Let v be an element of F²_p \ {(0,0)}. How many vectors does Span({v}) have? How many 1-dimensional vector subspaces does F²_p have?

F²_p is the two-dimensional field (a,b) where each a, b are elements of F_p, where p is a prime number.

The Attempt at a Solution

I know the total number of elements in the vector space F²_p \ {(0,0)} is p² - 1. I also thought that this was the number of vectors in Span({v}) but I've told by a couple people that is not so. I started with the definition of span but I just couldn't see the rest unfold.

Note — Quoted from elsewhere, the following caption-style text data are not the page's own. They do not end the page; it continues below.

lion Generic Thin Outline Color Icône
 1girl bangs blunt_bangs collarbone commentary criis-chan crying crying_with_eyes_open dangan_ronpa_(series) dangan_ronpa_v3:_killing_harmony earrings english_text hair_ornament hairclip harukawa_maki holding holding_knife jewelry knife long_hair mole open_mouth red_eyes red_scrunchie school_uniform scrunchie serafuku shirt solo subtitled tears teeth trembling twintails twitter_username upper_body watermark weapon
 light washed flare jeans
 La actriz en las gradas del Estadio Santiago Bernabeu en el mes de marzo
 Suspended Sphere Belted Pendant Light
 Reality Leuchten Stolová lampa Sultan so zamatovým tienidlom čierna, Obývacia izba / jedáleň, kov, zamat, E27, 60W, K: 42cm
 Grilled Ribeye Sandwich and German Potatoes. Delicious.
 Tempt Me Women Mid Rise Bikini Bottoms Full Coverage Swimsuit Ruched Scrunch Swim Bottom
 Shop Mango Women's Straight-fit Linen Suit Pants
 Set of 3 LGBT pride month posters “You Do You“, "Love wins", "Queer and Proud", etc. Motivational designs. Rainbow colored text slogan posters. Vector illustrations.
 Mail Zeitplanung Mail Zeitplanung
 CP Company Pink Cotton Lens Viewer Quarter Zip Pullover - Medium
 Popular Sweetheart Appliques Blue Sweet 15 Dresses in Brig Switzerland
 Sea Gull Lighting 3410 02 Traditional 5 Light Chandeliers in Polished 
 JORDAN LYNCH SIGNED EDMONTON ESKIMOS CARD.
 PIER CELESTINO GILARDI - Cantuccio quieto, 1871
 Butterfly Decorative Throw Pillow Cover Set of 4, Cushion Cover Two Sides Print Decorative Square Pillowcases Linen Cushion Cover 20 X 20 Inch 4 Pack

Thank you ahead of time for your help.

 

[Office_Shredder]

An element in span(v) must be of the form av for some a in the field. How many choices of a do you have? Do all of these choices yield a different vector, or can av=bv if a=/=b?

 

[Dick]

Take an example. Let F=Z_3, the field with three elements {0,1,2}. Yes, there are 8 elements in (Z_3)^2-{0,0}. How many elements are in span((1,1))? That's (1,1)*x for all x in Z_3. Does that help you to see things unfold?

 

[brru25]

Take an example. Let F=Z_3, the field with three elements {0,1,2}. Yes, there are 8 elements in (Z_3)^2-{0,0}. How many elements are in span((1,1))? That's (1,1)*x for all x in Z_3. Does that help you to see things unfold?

Would (1,1)*x have 3 elements? (1,1,0), (1,1,1), (1,1,2)? Or am I reading this incorrectly?

 

[Dick]

Would (1,1)*x have 3 elements? (1,1,0), (1,1,1), (1,1,2)? Or am I reading this incorrectly?

Well, yeah. Would have three elements. But they would be (0,0)=(1,1)*0, (1,1)=(1,1)*1 and (2,2)=(1,1)*2.

 

[brru25]

Well, yeah. Would have three elements. But they would be (0,0)=(1,1)*0, (1,1)=(1,1)*1 and (2,2)=(1,1)*2.

Okay now I see what you meant sorry about that.

 

[brru25]

An element in span(v) must be of the form av for some a in the field. How many choices of a do you have? Do all of these choices yield a different vector, or can av=bv if a=/=b?

"a" I believe can be any number in F.